## Activity
Begin at the line below that holds "Outsidepride V8 Creeping" and end at the line that holds "Tokyo Sky ağaç manzara", transcribing each line exactly and skipping any picture.

──────── Input for this task ────────

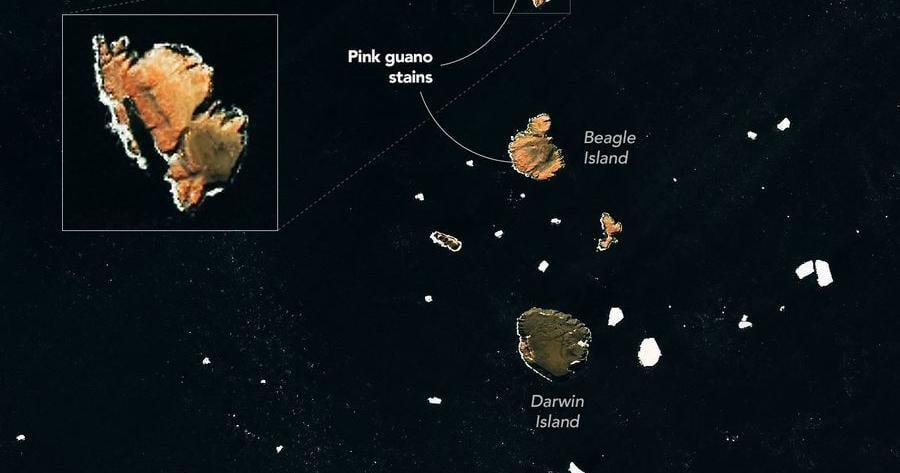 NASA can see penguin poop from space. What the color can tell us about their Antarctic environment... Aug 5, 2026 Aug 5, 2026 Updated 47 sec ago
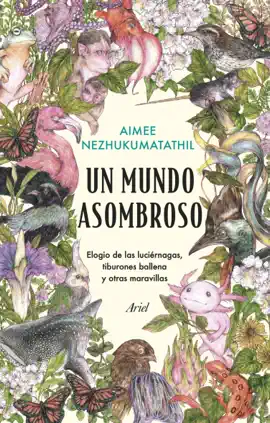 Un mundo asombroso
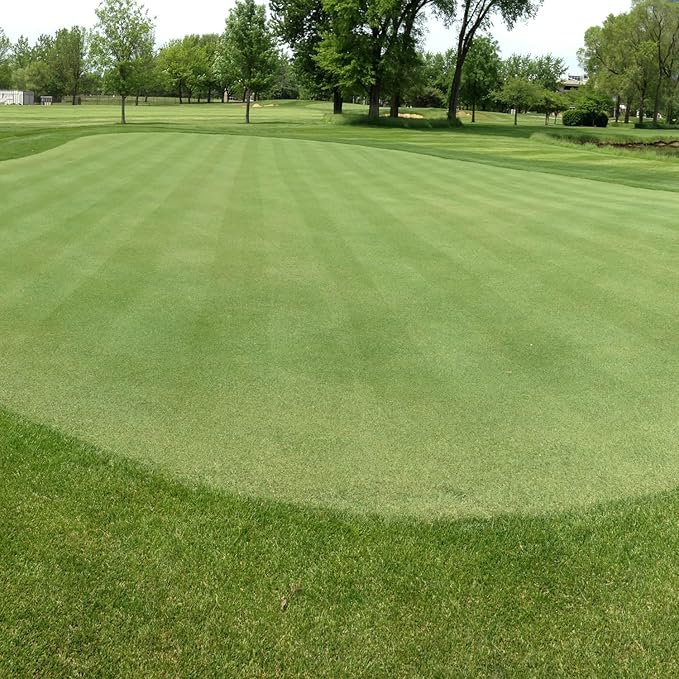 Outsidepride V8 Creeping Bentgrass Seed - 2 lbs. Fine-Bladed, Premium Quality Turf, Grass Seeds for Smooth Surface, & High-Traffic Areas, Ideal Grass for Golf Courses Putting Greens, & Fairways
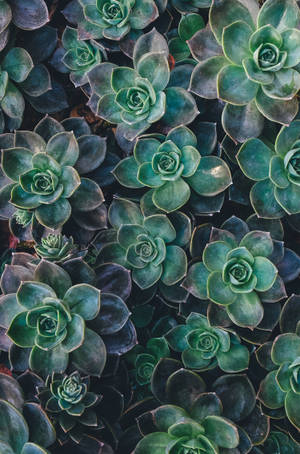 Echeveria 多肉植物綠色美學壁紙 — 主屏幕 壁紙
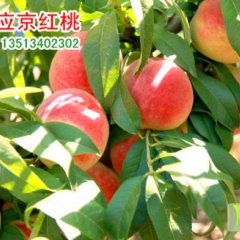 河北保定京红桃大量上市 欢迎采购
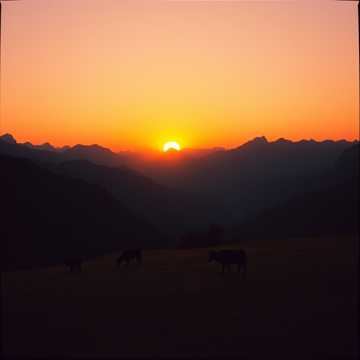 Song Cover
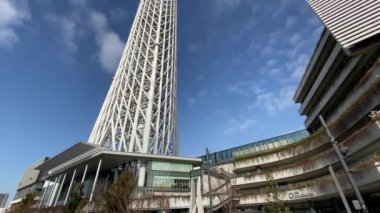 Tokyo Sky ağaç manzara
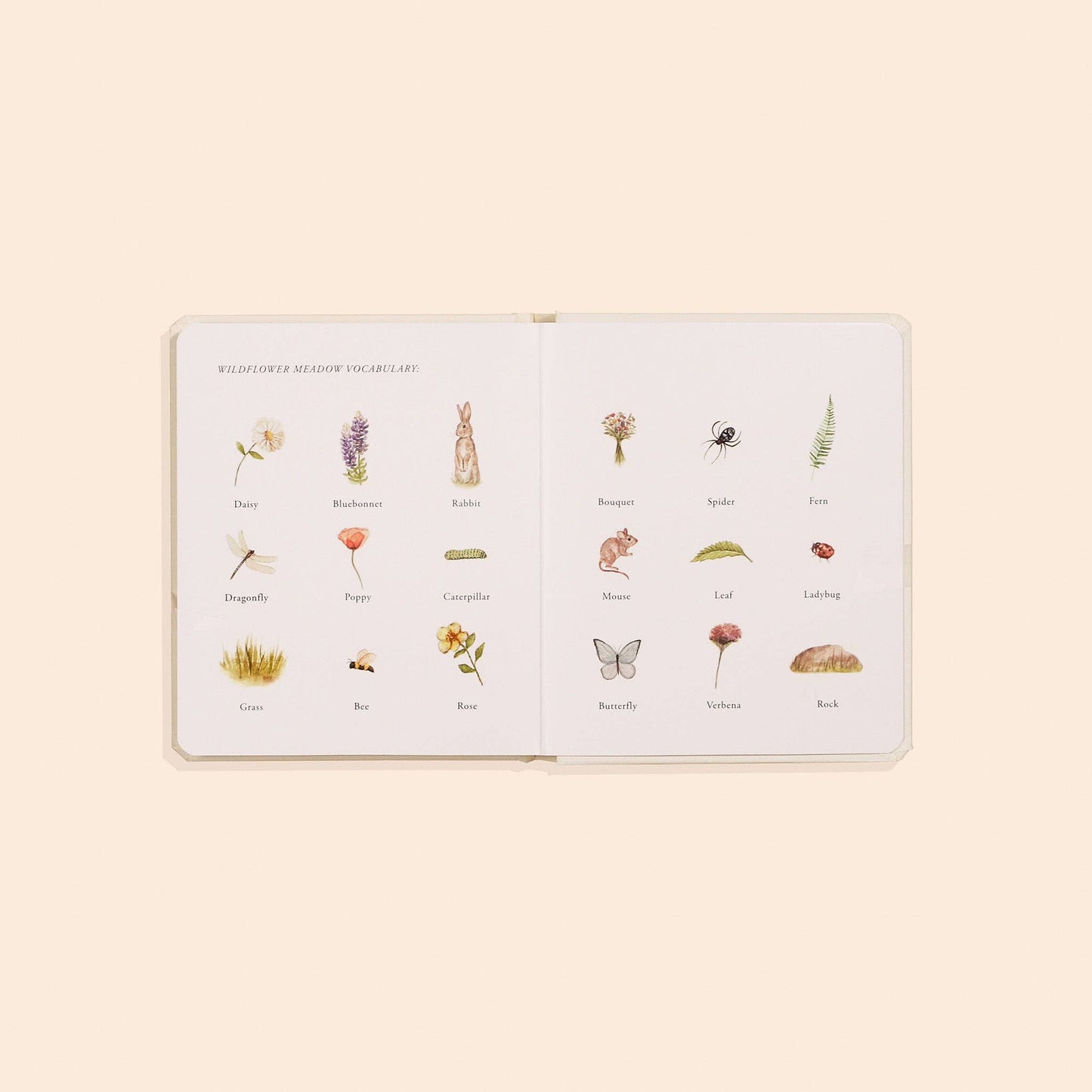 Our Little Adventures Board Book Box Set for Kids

────────

## Solution
 Outsidepride V8 Creeping Bentgrass Seed - 2 lbs. Fine-Bladed, Premium Quality Turf, Grass Seeds for Smooth Surface, & High-Traffic Areas, Ideal Grass for Golf Courses Putting Greens, & Fairways
 Echeveria 多肉植物綠色美學壁紙 — 主屏幕 壁紙
 河北保定京红桃大量上市 欢迎采购
 Song Cover
 Tokyo Sky ağaç manzara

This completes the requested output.